Leitsatz (redaktionell)
1. Sich nach einer ihm unbekannten Verwaltungsübung zu erkundigen, kann der steuerliche Berater dann verpflichtet sein, wenn die Behörde über den noch zu stellenden Antrag nach ihrem Ermessen zu entscheiden hat.
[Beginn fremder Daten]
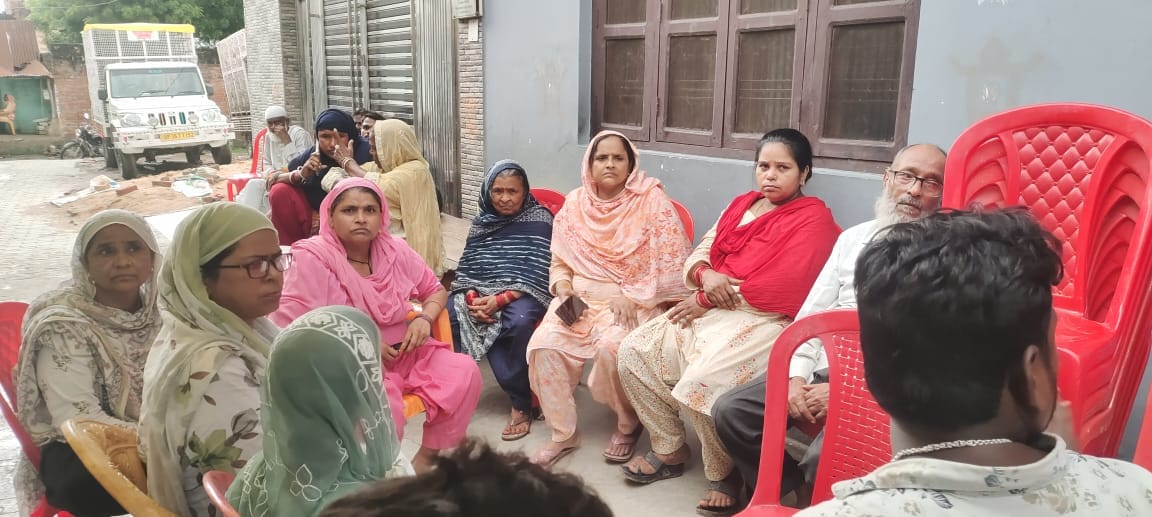 जगदीशपुर के निहालगढ़ में गमगीन मृतक मोहम्मद वसी के परिजन। संवाद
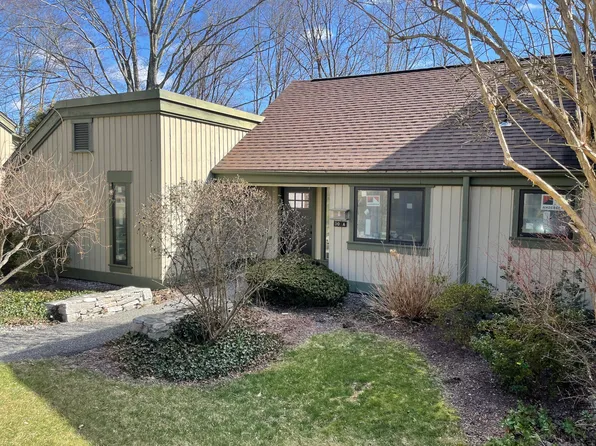 90 Heritage Village #A, Southbury, CT 06488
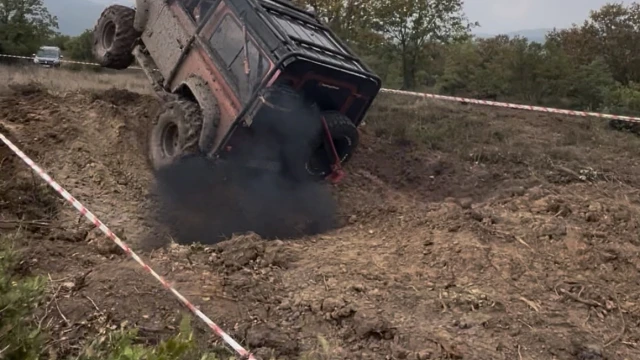 Kapıdağ Off-Road Ekibi, Mustafakemalpaşa’dan kupalarla döndü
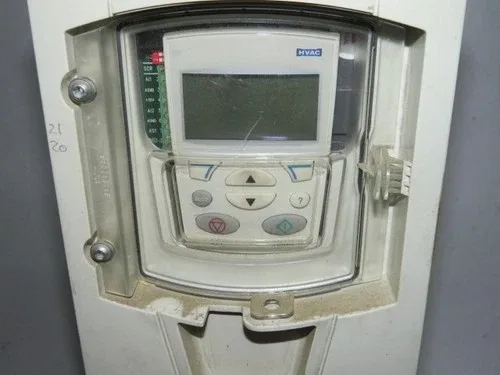 ABB ACH550-PDR-017A-6+B055 AC Drive 15HP 3Ph 500/600V 17A with Keypad 2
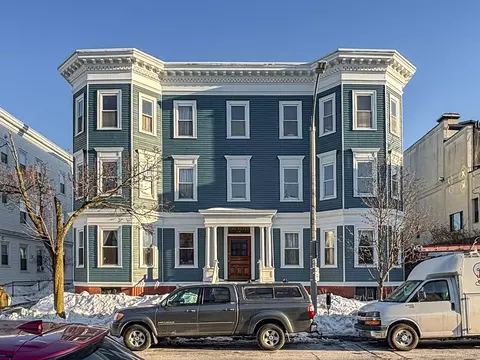 15 Medford St #4, Arlington, MA 02474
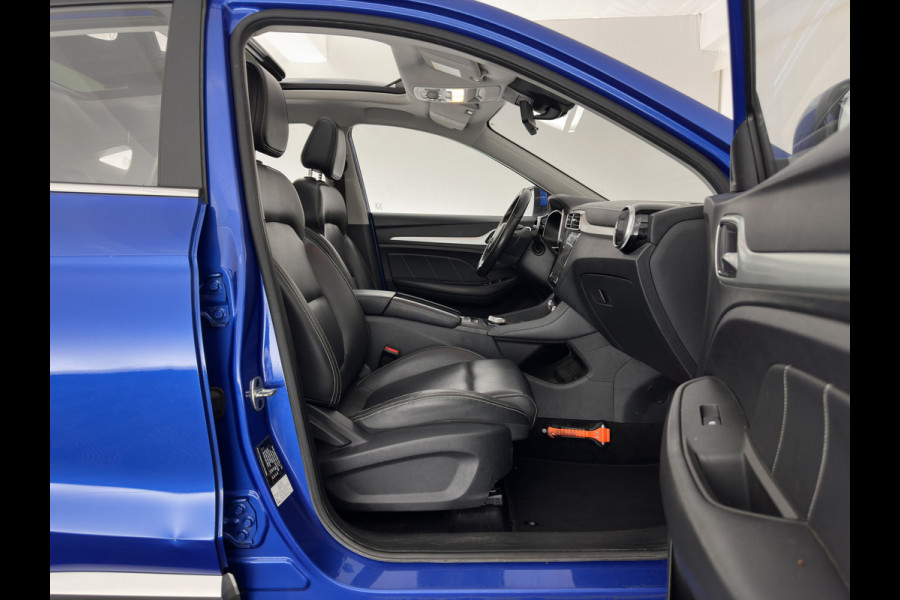 MG ZS EV Luxury 45 kWh {SoH-87%} (INCL-BTW) Aut. *PANO | LEATHER | CCS-FASTLOADER | KEYLESS | NAVI-FULLMAP | ADAPTIVE-CRUISE | CAMERA | HEATED-SPORTSEATS | CARPLAY | BLINDSPOT | DAB | LANE-ASSIST | 17''ALU*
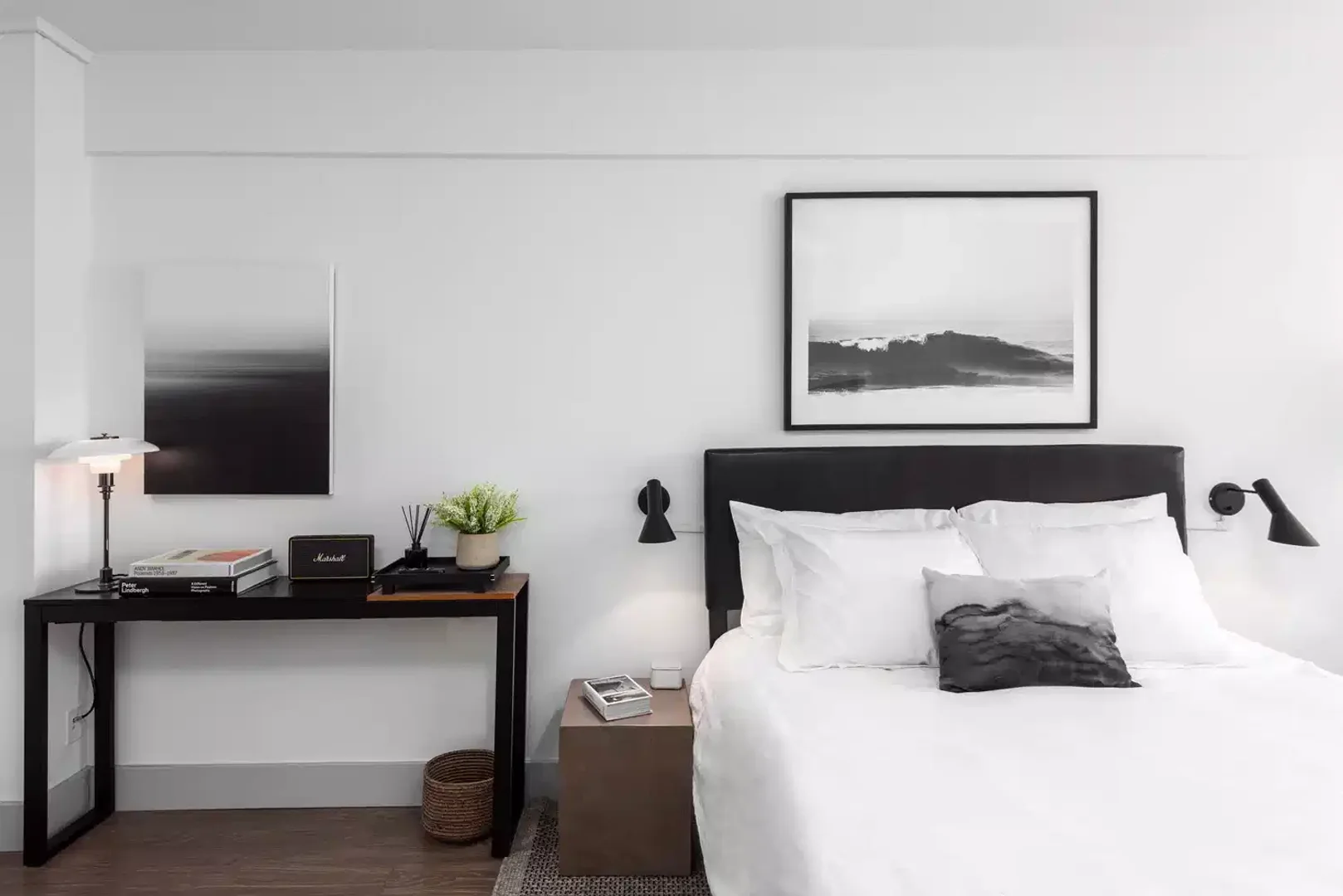 Quarto acessível para estudantes com iluminação ampla em 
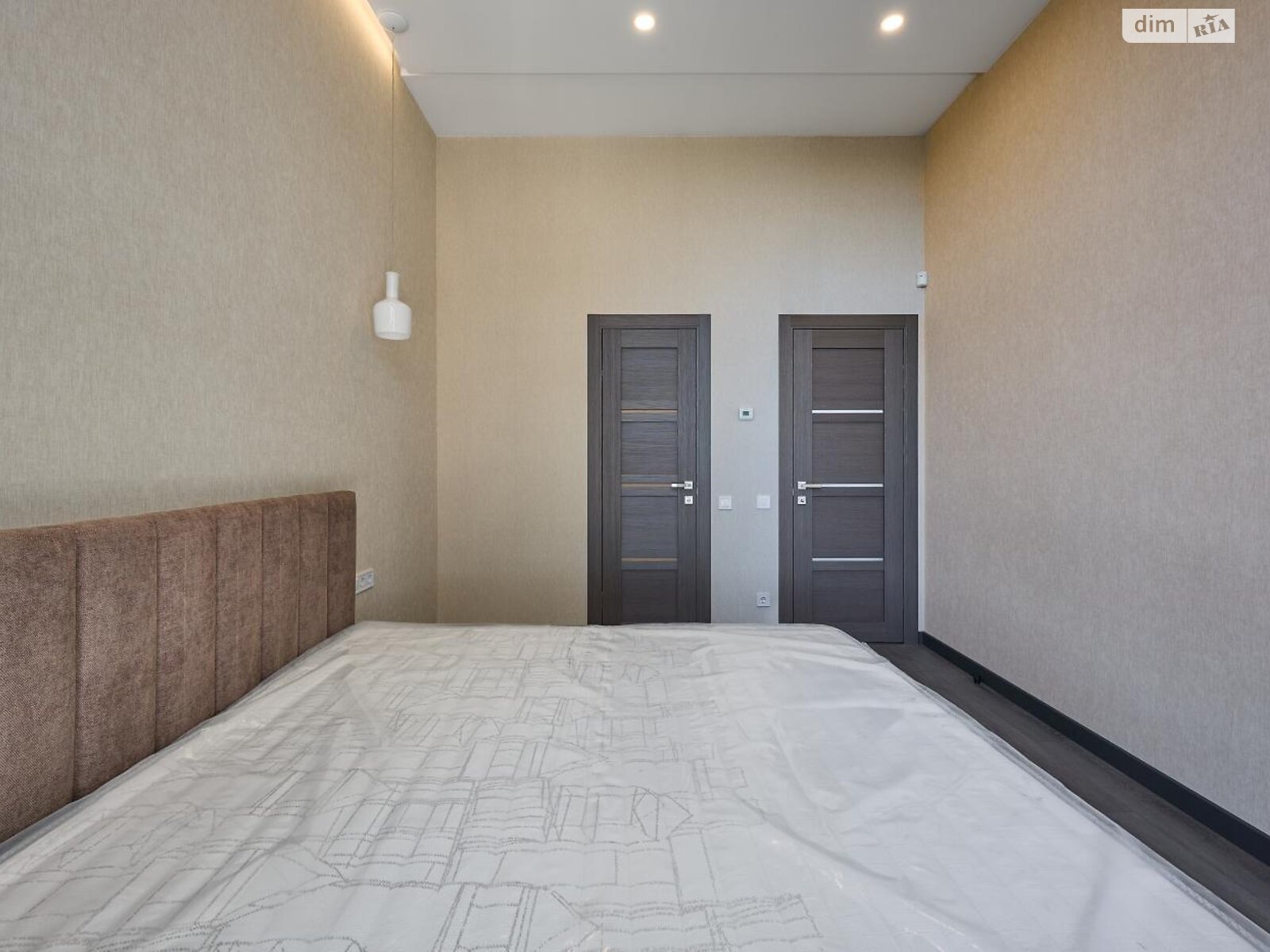 двокімнатна квартира в Львові, район Шевченківський, на просп. Чорновола В’ячеслава 16Є в довготривалу оренду помісячно фото 1 двокімнатна квартира в Львові, район Шевченківський, на просп. Чорновола В’ячеслава 16Є в довготривалу оренду помісячно фото 1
Kann der für den Mandanten zu stellende Antrag nur Erfolg haben, wenn die Behörde den Rahmen ihres Ermessens überschreitet, ist der Berater jedoch zu einer Erkundigung grundsätzlich nicht verpflichtet.
2. Veröffentlichte Erlasse der örtlich zuständigen Oberfinanzdirektionen zur Gewährung von Vergünstigungen (hier: steuerfreie Rücklagen und Sonderabschreibungen nach dem Zonenrandförderungsgesetz) muß ein steuerlicher Berater kennen, wenn er Mandanten berät, die solche Vergünstigungen in Anspruch nehmen wollen.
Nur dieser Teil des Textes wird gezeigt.